[Your task]:
Restate the records below word for word.

[Input]:
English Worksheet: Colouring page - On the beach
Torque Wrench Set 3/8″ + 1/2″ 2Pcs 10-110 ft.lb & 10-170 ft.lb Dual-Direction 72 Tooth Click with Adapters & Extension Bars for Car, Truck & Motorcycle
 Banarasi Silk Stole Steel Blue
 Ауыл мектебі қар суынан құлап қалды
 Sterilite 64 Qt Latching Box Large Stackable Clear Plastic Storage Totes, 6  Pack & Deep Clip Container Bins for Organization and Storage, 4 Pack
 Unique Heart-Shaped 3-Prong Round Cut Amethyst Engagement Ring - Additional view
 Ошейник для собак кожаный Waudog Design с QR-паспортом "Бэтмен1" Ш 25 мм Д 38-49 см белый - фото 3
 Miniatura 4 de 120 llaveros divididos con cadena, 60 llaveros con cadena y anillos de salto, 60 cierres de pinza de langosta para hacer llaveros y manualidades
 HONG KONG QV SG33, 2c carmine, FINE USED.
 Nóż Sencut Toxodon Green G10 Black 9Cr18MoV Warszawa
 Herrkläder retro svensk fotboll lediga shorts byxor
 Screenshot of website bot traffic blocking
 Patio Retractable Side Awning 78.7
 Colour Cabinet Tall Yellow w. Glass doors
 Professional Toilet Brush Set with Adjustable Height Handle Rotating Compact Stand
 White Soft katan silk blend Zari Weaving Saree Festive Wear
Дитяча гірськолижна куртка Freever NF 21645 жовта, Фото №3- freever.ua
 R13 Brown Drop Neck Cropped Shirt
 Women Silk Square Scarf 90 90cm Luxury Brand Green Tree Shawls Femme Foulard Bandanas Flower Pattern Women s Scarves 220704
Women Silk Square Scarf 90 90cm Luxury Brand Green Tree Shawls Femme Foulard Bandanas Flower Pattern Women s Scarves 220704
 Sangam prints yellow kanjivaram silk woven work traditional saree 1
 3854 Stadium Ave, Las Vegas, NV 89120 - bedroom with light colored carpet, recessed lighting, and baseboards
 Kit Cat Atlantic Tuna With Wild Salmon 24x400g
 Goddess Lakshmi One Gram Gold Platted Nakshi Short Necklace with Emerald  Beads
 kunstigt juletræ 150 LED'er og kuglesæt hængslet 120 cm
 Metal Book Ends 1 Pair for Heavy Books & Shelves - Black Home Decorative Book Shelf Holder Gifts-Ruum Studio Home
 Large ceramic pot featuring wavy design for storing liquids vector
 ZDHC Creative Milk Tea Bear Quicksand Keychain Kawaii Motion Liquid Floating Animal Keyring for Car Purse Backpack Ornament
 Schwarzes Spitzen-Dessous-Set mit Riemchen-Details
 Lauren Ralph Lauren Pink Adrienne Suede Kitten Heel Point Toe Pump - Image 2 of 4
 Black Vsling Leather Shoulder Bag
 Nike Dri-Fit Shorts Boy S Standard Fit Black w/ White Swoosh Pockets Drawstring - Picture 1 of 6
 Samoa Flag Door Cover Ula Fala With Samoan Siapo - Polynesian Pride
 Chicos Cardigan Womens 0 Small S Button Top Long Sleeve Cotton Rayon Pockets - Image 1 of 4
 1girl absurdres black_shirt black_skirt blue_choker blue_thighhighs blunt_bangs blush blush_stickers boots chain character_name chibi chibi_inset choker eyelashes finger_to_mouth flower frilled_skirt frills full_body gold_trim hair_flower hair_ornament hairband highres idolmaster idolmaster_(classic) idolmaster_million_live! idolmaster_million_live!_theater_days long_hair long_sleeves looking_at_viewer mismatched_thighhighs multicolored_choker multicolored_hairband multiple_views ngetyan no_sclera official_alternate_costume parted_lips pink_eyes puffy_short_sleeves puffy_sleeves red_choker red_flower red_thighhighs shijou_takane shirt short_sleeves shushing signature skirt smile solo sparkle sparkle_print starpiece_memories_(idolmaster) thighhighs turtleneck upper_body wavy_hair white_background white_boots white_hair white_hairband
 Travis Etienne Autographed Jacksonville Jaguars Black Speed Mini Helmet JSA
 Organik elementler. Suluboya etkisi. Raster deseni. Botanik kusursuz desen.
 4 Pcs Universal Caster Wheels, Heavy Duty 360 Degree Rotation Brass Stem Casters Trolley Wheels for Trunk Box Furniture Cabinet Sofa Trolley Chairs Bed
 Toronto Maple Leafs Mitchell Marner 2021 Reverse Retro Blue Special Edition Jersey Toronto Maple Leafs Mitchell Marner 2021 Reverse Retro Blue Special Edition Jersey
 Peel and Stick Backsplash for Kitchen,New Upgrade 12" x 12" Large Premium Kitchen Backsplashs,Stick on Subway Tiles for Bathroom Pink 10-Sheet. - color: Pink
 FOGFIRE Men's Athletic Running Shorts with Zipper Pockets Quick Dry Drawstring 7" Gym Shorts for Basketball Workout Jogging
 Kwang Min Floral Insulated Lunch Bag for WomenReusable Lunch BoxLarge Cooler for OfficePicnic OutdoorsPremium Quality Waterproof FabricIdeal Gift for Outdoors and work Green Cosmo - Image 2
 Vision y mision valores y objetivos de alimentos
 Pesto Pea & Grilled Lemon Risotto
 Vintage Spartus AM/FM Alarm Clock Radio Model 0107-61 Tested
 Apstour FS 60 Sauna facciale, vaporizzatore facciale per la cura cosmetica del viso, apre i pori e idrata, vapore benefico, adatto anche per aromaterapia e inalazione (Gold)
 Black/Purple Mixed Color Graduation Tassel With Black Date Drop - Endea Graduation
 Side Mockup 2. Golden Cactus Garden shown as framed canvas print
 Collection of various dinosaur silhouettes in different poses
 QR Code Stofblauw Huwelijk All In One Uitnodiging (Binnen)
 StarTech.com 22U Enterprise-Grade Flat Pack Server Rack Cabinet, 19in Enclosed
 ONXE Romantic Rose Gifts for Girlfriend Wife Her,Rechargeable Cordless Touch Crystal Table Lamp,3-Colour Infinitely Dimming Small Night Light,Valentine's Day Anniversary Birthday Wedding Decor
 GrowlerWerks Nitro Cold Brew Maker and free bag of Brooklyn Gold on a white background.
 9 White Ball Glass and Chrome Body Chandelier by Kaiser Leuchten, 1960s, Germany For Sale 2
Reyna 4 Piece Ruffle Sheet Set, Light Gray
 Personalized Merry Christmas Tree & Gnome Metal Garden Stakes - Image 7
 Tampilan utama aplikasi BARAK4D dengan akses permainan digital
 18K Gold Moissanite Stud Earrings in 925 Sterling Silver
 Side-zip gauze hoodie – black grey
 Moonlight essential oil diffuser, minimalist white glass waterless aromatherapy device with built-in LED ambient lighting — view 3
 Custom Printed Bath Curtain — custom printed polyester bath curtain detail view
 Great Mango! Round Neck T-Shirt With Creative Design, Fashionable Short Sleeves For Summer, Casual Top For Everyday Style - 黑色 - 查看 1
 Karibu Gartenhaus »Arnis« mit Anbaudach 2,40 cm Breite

[Answer to the exercise]:
English Worksheet: Colouring page - On the beach
Torque Wrench Set 3/8″ + 1/2″ 2Pcs 10-110 ft.lb & 10-170 ft.lb Dual-Direction 72 Tooth Click with Adapters & Extension Bars for Car, Truck & Motorcycle
 Banarasi Silk Stole Steel Blue
 Ауыл мектебі қар суынан құлап қалды
 Sterilite 64 Qt Latching Box Large Stackable Clear Plastic Storage Totes, 6  Pack & Deep Clip Container Bins for Organization and Storage, 4 Pack
 Unique Heart-Shaped 3-Prong Round Cut Amethyst Engagement Ring - Additional view
 Ошейник для собак кожаный Waudog Design с QR-паспортом "Бэтмен1" Ш 25 мм Д 38-49 см белый - фото 3
 Miniatura 4 de 120 llaveros divididos con cadena, 60 llaveros con cadena y anillos de salto, 60 cierres de pinza de langosta para hacer llaveros y manualidades
 HONG KONG QV SG33, 2c carmine, FINE USED.
 Nóż Sencut Toxodon Green G10 Black 9Cr18MoV Warszawa
 Herrkläder retro svensk fotboll lediga shorts byxor
 Screenshot of website bot traffic blocking
 Patio Retractable Side Awning 78.7
 Colour Cabinet Tall Yellow w. Glass doors
 Professional Toilet Brush Set with Adjustable Height Handle Rotating Compact Stand
 White Soft katan silk blend Zari Weaving Saree Festive Wear
Дитяча гірськолижна куртка Freever NF 21645 жовта, Фото №3- freever.ua
 R13 Brown Drop Neck Cropped Shirt
 Women Silk Square Scarf 90 90cm Luxury Brand Green Tree Shawls Femme Foulard Bandanas Flower Pattern Women s Scarves 220704
Women Silk Square Scarf 90 90cm Luxury Brand Green Tree Shawls Femme Foulard Bandanas Flower Pattern Women s Scarves 220704
 Sangam prints yellow kanjivaram silk woven work traditional saree 1
 3854 Stadium Ave, Las Vegas, NV 89120 - bedroom with light colored carpet, recessed lighting, and baseboards
 Kit Cat Atlantic Tuna With Wild Salmon 24x400g
 Goddess Lakshmi One Gram Gold Platted Nakshi Short Necklace with Emerald  Beads
 kunstigt juletræ 150 LED'er og kuglesæt hængslet 120 cm
 Metal Book Ends 1 Pair for Heavy Books & Shelves - Black Home Decorative Book Shelf Holder Gifts-Ruum Studio Home
 Large ceramic pot featuring wavy design for storing liquids vector
 ZDHC Creative Milk Tea Bear Quicksand Keychain Kawaii Motion Liquid Floating Animal Keyring for Car Purse Backpack Ornament
 Schwarzes Spitzen-Dessous-Set mit Riemchen-Details
 Lauren Ralph Lauren Pink Adrienne Suede Kitten Heel Point Toe Pump - Image 2 of 4
 Black Vsling Leather Shoulder Bag
 Nike Dri-Fit Shorts Boy S Standard Fit Black w/ White Swoosh Pockets Drawstring - Picture 1 of 6
 Samoa Flag Door Cover Ula Fala With Samoan Siapo - Polynesian Pride
 Chicos Cardigan Womens 0 Small S Button Top Long Sleeve Cotton Rayon Pockets - Image 1 of 4
 1girl absurdres black_shirt black_skirt blue_choker blue_thighhighs blunt_bangs blush blush_stickers boots chain character_name chibi chibi_inset choker eyelashes finger_to_mouth flower frilled_skirt frills full_body gold_trim hair_flower hair_ornament hairband highres idolmaster idolmaster_(classic) idolmaster_million_live! idolmaster_million_live!_theater_days long_hair long_sleeves looking_at_viewer mismatched_thighhighs multicolored_choker multicolored_hairband multiple_views ngetyan no_sclera official_alternate_costume parted_lips pink_eyes puffy_short_sleeves puffy_sleeves red_choker red_flower red_thighhighs shijou_takane shirt short_sleeves shushing signature skirt smile solo sparkle sparkle_print starpiece_memories_(idolmaster) thighhighs turtleneck upper_body wavy_hair white_background white_boots white_hair white_hairband
 Travis Etienne Autographed Jacksonville Jaguars Black Speed Mini Helmet JSA
 Organik elementler. Suluboya etkisi. Raster deseni. Botanik kusursuz desen.
 4 Pcs Universal Caster Wheels, Heavy Duty 360 Degree Rotation Brass Stem Casters Trolley Wheels for Trunk Box Furniture Cabinet Sofa Trolley Chairs Bed
 Toronto Maple Leafs Mitchell Marner 2021 Reverse Retro Blue Special Edition Jersey Toronto Maple Leafs Mitchell Marner 2021 Reverse Retro Blue Special Edition Jersey
 Peel and Stick Backsplash for Kitchen,New Upgrade 12" x 12" Large Premium Kitchen Backsplashs,Stick on Subway Tiles for Bathroom Pink 10-Sheet. - color: Pink
 FOGFIRE Men's Athletic Running Shorts with Zipper Pockets Quick Dry Drawstring 7" Gym Shorts for Basketball Workout Jogging
 Kwang Min Floral Insulated Lunch Bag for WomenReusable Lunch BoxLarge Cooler for OfficePicnic OutdoorsPremium Quality Waterproof FabricIdeal Gift for Outdoors and work Green Cosmo - Image 2
 Vision y mision valores y objetivos de alimentos
 Pesto Pea & Grilled Lemon Risotto
 Vintage Spartus AM/FM Alarm Clock Radio Model 0107-61 Tested
 Apstour FS 60 Sauna facciale, vaporizzatore facciale per la cura cosmetica del viso, apre i pori e idrata, vapore benefico, adatto anche per aromaterapia e inalazione (Gold)
 Black/Purple Mixed Color Graduation Tassel With Black Date Drop - Endea Graduation
 Side Mockup 2. Golden Cactus Garden shown as framed canvas print
 Collection of various dinosaur silhouettes in different poses
 QR Code Stofblauw Huwelijk All In One Uitnodiging (Binnen)
 StarTech.com 22U Enterprise-Grade Flat Pack Server Rack Cabinet, 19in Enclosed
 ONXE Romantic Rose Gifts for Girlfriend Wife Her,Rechargeable Cordless Touch Crystal Table Lamp,3-Colour Infinitely Dimming Small Night Light,Valentine's Day Anniversary Birthday Wedding Decor
 GrowlerWerks Nitro Cold Brew Maker and free bag of Brooklyn Gold on a white background.
 9 White Ball Glass and Chrome Body Chandelier by Kaiser Leuchten, 1960s, Germany For Sale 2
Reyna 4 Piece Ruffle Sheet Set, Light Gray
 Personalized Merry Christmas Tree & Gnome Metal Garden Stakes - Image 7
 Tampilan utama aplikasi BARAK4D dengan akses permainan digital
 18K Gold Moissanite Stud Earrings in 925 Sterling Silver
 Side-zip gauze hoodie – black grey
 Moonlight essential oil diffuser, minimalist white glass waterless aromatherapy device with built-in LED ambient lighting — view 3
 Custom Printed Bath Curtain — custom printed polyester bath curtain detail view
 Great Mango! Round Neck T-Shirt With Creative Design, Fashionable Short Sleeves For Summer, Casual Top For Everyday Style - 黑色 - 查看 1
 Karibu Gartenhaus »Arnis« mit Anbaudach 2,40 cm Breite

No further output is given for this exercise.